In 2004, the Supreme Court issued its decision in one of these cases, Rasul v. Bush. In Rasul, the Court held that federal courts had jurisdiction to hear habeas petitions from non-citizen prisoners held at Camp X-Ray, and that habeas jurisdiction extended to all dominions under the sovereign control of the United States.
On the same day, the Court also issued its decision in Hamdi v. Rumsfeld. Yaser Hamdi was an American citizen by birth who had been captured in Afghanistan and transferred to Camp X- Ray. The Court was split badly on Hamdi, issuing four opinions, none of which are controlling. But one thing a 6-3 majority did agree on is that U.S. citizens cannot be detained without due process protections like habeas rights.

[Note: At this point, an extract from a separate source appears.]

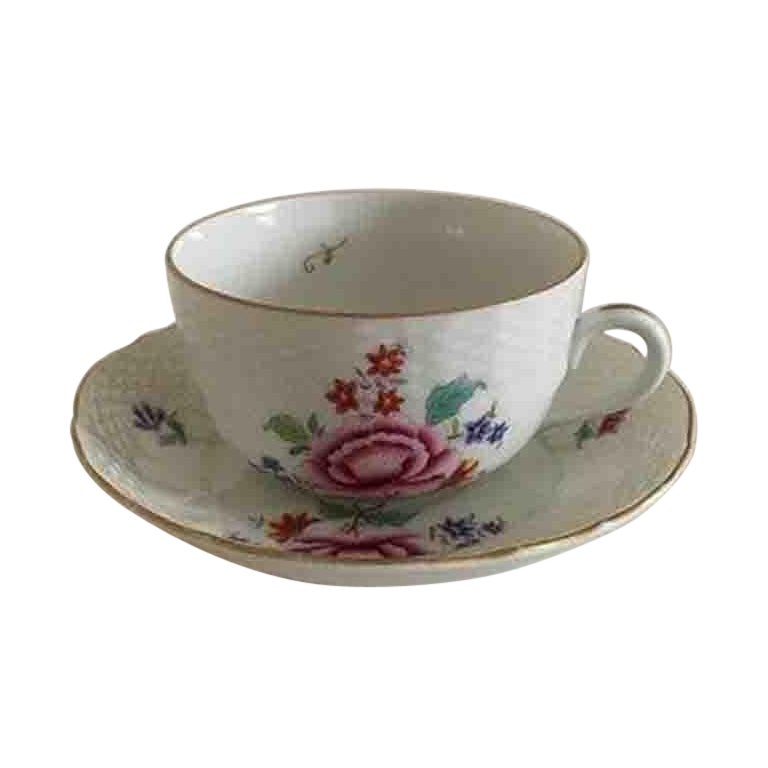 Herend Hugary Tea Cups and Saucers Handpainted Flowers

In response to these decisions and a number of others, Congress passed the Detainee Treatment Act of 2005, and the Military Commissions Act of 2006. These statutes established a system of military tribunals and commissions to try detainees, and explicitly suspended the availability of habeas corpus for detainees.
However, in 2007, the Supreme Court held in Boumediene v. Bush that the military tribunal system then operating was unconstitutional, because the procedures being followed were not adequate substitutes for habeas corpus rights. The Court held that the enemy combatants at Camp X-Ray had the right to either habeas review of their detentions, or an adequate and equivalent substitute.
In response to Boumediene, in 2009 Congress passed and President Obama signed the Military Commissions Act of 2009, which established new military commissions with procedural rights and safeguards more akin to traditional legal proceedings, aimed at satisfying the Court's standard.
The upshot of these cases is that for all persons held in de facto U.S. territory habeas rights apply, or in the limited circumstance of military detainees an adequate alternative to habeas must be provided.